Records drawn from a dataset
Segment Open
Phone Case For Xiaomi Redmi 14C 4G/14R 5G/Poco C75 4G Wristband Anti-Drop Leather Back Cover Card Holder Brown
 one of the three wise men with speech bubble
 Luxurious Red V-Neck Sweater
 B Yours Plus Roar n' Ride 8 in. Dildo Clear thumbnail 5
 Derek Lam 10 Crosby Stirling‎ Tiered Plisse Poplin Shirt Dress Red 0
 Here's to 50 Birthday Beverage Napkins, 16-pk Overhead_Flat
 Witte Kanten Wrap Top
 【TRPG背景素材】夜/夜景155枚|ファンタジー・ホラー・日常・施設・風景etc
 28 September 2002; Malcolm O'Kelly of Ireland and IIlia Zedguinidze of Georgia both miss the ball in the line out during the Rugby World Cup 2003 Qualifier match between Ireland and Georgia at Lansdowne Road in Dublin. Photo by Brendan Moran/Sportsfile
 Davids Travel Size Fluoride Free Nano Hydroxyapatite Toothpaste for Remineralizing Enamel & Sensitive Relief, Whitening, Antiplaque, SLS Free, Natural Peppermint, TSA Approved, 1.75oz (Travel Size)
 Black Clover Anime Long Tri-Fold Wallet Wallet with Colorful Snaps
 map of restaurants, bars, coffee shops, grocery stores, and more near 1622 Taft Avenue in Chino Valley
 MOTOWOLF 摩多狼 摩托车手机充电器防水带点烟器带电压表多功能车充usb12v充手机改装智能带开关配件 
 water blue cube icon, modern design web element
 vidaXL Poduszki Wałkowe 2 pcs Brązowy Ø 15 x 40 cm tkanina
Segment Closed
__WHAT THE TASK ASKS__:
Reproduce verbatim only the lines from the one holding "MOTOWOLF 摩多狼 摩托车手机充电器防水带点烟器带电压表多功能车充usb12v充手机改装智能带开关配件" through the end of the records.

__ANSWER FOR THIS EXERCISE__:
 MOTOWOLF 摩多狼 摩托车手机充电器防水带点烟器带电压表多功能车充usb12v充手机改装智能带开关配件 
 water blue cube icon, modern design web element
 vidaXL Poduszki Wałkowe 2 pcs Brązowy Ø 15 x 40 cm tkanina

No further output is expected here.